Posted on November 15, 2012

Detroit Faces Another Cash-Flow Crisis

Reuters, November 13, 2012

Detroit is projecting it will run out of cash next month unless the state of Michigan releases money due it from a debt sale, the city told its financial advisory board.

The city’s report to the board, created as part of a consent agreement Detroit approved in April, said that “absent the availability of escrow proceeds, the city will need to employ other working capital solutions to avoid liquidity crises.”

Projections show the city’s weekly cash flow at just $4.1 million in mid-December before dropping to a negative $4.8 million at the end of the year.

{snip}

The Michigan Finance Authority sold $129 million of bonds for Detroit in August, completing a debt sale aimed at raising $137 million for the cash-strapped city. While Detroit received some of that money, Michigan Treasury officials tied the release of another $30 million this year to Detroit’s progress on reforms.

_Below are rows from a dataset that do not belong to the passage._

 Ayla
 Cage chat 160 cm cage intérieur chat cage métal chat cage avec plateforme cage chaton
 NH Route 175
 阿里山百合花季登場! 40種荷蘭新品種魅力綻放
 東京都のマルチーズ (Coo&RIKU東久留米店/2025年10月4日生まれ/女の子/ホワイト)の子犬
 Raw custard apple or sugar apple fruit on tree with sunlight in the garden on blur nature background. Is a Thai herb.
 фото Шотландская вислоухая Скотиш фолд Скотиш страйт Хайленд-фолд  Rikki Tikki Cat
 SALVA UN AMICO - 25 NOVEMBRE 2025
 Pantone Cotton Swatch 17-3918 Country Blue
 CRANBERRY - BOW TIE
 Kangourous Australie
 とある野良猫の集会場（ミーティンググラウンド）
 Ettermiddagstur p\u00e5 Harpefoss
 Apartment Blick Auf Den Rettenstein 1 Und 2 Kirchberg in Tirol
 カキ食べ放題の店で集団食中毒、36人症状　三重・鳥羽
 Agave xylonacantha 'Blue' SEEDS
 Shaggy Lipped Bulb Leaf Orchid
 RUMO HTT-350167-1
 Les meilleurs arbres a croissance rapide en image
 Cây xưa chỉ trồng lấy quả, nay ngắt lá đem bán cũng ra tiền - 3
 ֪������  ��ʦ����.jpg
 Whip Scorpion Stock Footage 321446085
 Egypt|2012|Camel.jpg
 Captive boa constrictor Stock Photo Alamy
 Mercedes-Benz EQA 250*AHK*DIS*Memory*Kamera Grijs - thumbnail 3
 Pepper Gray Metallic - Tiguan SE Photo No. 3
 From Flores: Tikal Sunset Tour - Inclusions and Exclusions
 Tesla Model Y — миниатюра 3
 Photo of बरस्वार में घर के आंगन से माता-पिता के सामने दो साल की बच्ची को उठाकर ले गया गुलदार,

“The Department of Treasury is working with city of Detroit to establish milestones that will allow the release of bond funds being held in escrow and will continue to move the city forward in an expeditious manner,” Caleb Buhs, a spokesman for the department, said on Tuesday.

Detroit faced a cash crisis this summer that led to warnings it could default on some bonds, as well as to subsequent downgrades that pounded the city’s credit ratings deeper into the junk category.